The most recent research of all has been conducted by UK security consultants Information Risk Management plc (IRM). They have assessed a range of ways to penetrate and infiltrate software into ATMs in the laboratory on behalf of undisclosed clients. A representative of IRM described the research as highly sensitive, and the detailed findings are still are still under wraps. However heise online was told by a spokesman for the research team that theoretically feasible network attacks are unlikely to represent a serious threat as the network security policies of connection providers such as Link and their enforcement have both been substantially improved in the last few years. Instead, according to IRM, the largest current threat is from insiders. High on the list of potential attackers are those with legitimate access such as service engineers.
IRM found a variety of attack vectors available to those with general access to the internals of an ATM and/or with specialist knowledge. In general, the aim was to install transaction monitoring devices or software, and the researchers had considerable success within small time windows in the order of minutes, albeit in a laboratory environment. Default configuration was a significant enabler, as was the availability of technical information, and indeed cabinet access keys, on the web. One of the most surprising attacks was the ability to reset an ATM into an "engineering" mode that allows reconfiguration of the system, merely by operating an internal switch with a paper clip pushed through the receipt delivery slot. IRM confirmed that this was due to chance placement of the switch. It was not intended to be operable through the slot even by engineers. This poor design has features in common with the PIN terminal vulnerabilities discovered recently by Cambridge University – the trusty paper clip strikes again.
The IRM research spokesman suggested that the need to get to the guts of the system meant the most likely targets would be small retailers with ATMs in store, rather than banks. He pointed out that this was not field research, so the social component of attacks was not considered formally. He summed up by saying that although the findings were significant, their overall contribution to the card transaction threat space was probably limited, and would likely decrease in the future as vendors are moving away from COTS implementations back to custom embedded systems.
Professor Anderson of Cambridge University Computer Laboratory was not surprised by the new research findings. He commented "These systems can fail at just about any point in the chain: Trojan shop terminal, bad ATM, bogus ATM, skimmer on ATM, bad man in bank, … and under the circumstances I think the European Central Bank and the EU consumer authorities should be enacting better consumer protection laws. In the USA, regulation E prevents banks dismissing customer complaints by just saying 'our systems are secure'. They must either give the customer his money back, or provide direct proof that the customer is lying (e.g. ATM camera photograph)".
Bruce Schneier concurs. He told heise online: "Windows computers are notoriously insecure, so using them for secure banking seems like a mistake. … moving from a special-purpose computer to a general-purpose Windows computer means that you assume all the risks of running a Windows machine.

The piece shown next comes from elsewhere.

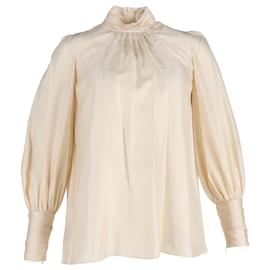 Zimmermann Celestial geraffte Langarmbluse aus beiger Seide Beige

Was that a surprise to anyone?"
So although these research findings are interesting and indicate problems that should be addressed, solving them or even their successors will never be a panacea. Indeed, for some years card not present and ID fraud have dominated the picture. It is easy to execute and difficult to trace back to the perpetrator, whereas many more sophisticated attacks are less so. So attempting to fix the problem from a purely technical perspective is a never ending story. Effective provision must also be made for mitigating the social effects of an assumed irreducible minimum level of fraud.